What should I be doing?

Take it to your independent local bike shop and support small business. Then enjoy peace of mind that it's been checked and repaired by a professional

;)
Buy a new one from Halfords.
Thanks folks.

I got a quote from my independent bike shop, but £55 plus parts seems a bit steep.

What lube should I use, something special or who 3 in 1 do?

Will I need to do anything with the brake or gear cables?
Grim... wrote:
Buy a new one from Halfords.

Die in a fire
krazywookie wrote:
Grim... wrote:
Buy a new one from Halfords.

Die in a fire

Grim... loves corporations, I'm afraid.
krazywookie wrote:
Grim... wrote:
Buy a new one from Halfords.

Die in a fire

:D
Bobbyaro wrote:
Thanks folks.

I got a quote from my independent bike shop, but £55 plus parts seems a bit steep.

What lube should I use, something special or who 3 in 1 do?

Either GT85 from a bike shop, or WD40 will do for start. You’ll only want 3 in 1 for the chain. Technically, a really lightweight oil, which you can find by searching for sewing machine oil, would work on all other components including fork bushes and cables.

Quote:
Will I need to do anything with the brake or gear cables?

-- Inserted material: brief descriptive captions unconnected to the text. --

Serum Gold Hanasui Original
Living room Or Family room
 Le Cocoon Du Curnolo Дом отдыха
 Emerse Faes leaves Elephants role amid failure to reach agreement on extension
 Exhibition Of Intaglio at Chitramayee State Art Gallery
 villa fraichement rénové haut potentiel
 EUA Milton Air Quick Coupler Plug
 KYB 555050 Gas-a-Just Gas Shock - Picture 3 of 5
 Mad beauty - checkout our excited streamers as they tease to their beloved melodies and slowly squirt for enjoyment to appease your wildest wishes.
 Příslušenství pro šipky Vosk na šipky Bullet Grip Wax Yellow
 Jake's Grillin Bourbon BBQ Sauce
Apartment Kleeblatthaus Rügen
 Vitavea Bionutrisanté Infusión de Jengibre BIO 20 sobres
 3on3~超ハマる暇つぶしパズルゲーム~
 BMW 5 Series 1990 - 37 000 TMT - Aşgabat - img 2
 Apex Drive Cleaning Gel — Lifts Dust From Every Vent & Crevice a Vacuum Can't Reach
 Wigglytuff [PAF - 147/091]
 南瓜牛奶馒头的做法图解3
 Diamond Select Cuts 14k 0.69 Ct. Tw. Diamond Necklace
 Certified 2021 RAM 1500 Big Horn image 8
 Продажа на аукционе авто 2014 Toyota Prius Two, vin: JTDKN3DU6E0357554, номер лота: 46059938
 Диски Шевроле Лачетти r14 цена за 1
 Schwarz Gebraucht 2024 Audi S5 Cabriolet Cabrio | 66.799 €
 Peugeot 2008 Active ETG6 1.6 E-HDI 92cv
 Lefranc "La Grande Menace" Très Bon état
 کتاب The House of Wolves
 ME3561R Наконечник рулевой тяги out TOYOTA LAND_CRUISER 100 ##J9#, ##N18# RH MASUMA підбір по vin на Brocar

Using the straw nozzle on the spray lube, squirt down the cable sheath while operating the gears/brakes. Repeat until moving freely. You may need to replace them, but it’s not a difficult job.
Thanking you.

I am going to try and fix at the weekend.
Also, there should be gaiters on the ends of the cable sheaths, which you can pride out to get the lube in. There will be several places on the bike where the cable is exposed in its run, particularly on the rear derailleur — lube all exposed cable and try and get into the sheath/housing.
I have a bike query - I bought a new Brompton about 7 months ago. It probably does about 16-20 miles per week, the rest of the time it lives in the shed.

It's already getting pretty rusty - the chain, some of the nuts and fittings.

It's never got terribly dirty but I gave it a wash a few months ago with warm water and washing up liquid.

Should a bike get that rusty that quickly? It doesn't feel like it should.
Findus Fop wrote:
I have a bike query - I bought a new Brompton about 7 months ago. It probably does about 16-20 miles per week, the rest of the time it lives in the shed.

It's already getting pretty rusty - the chain, some of the nuts and fittings.

It's never got terribly dirty but I gave it a wash a few months ago with warm water and washing up liquid.

Should a bike get that rusty that quickly? It doesn't feel like it should.

Most of the screws, nuts and bolts will be steel, along with the chain. They shouldn’t be going rusty this soon, which means they’re penny pinching on those bits — it’s not uncommon on bikes <£1500. Bit of wire wool and some lithium grease will sort them out and some lube for the chain. Every time you wash it, hose it down with WD40. The “WD” stands for water dispersal.